Please know this decision was not reached lightly and we appreciate your understanding on the matter.

Regards, GitLab

GitLab Support Team GitLab, Inc.

>For the record, I didn't publish vulnerable systems, I published stores that have malware.

This is a crucial point, because it shows GitLab is basically nonresponsive to the key issue; it's the difference between "Here's how to hack Giant Anchor Retailer" (unethical, possibly illegal) and "Giant Anchor Retailer has been hacked, estimated NNN cards may have been compromised" (of public interest, not illegal). In my case, I want to know if I used any of the retailers on the list!

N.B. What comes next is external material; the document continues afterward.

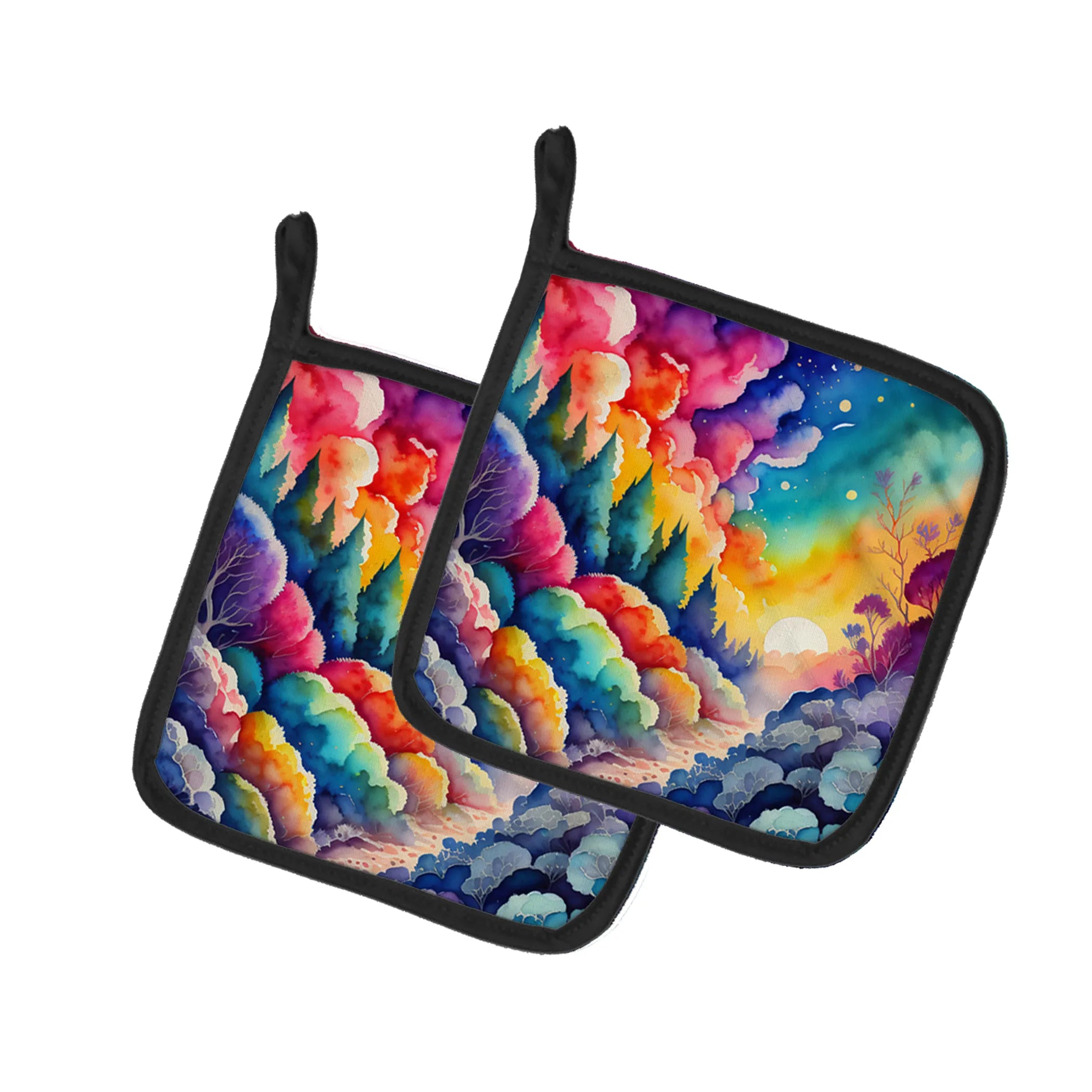 Colorful Flowers Pair of Pot Holders - Size: 7.5HX7.5W | Pack Of: 1 | Collection name: Colorful flowers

For GitLab to call this "egregious" and that they "will not abide it" suggests that either GitLab is technically incompetent in security matters, or that they've received legal notices and decided that the shortest path to resolution is to throw their users under the nearest publicly-operated multiwheeled passenger conveyance. In either case, poor show, good reason to seriously consider moving off GH and GL.

And even if it were (a list of vulnerable systems, that is), why the fuck do they think that they should censor serious journalism? If you operate a public venue, then it is an important societal role of journalism to report on it if that public venue poses a risk to the public, whether that might also have negative consequences for the people operating it is completely irrelevant.

You mistook "free and accessible" with "public".

You may exercise freedom of speech but not on server that belongs to a private company - it is their right to limit what kind of content they like.

But in an essence you are right - companies should exist to benefit society, but it is not how it exactly works right now.

I really hate this trend of journalism leaking into services like Github. We have secure ways to share files with high redundancy, why put a service like Github/Gitlab in the line of fire when their primary goal is to enable open collaboration, vs open information.

What services are you referring to please?

Torrents are what in mind really, low barrier of entry for viewing, and someone in an oppressed state who can get arround a website block can probably get the torrent anonymously. To me not being easy to edit is an upside, additional data should require the initial trusted party to share a new magnet

Make a torrent?

Can't be easily updated

How about IPFS?

Is there support for managing multiple IPNS addresses with a single node yet?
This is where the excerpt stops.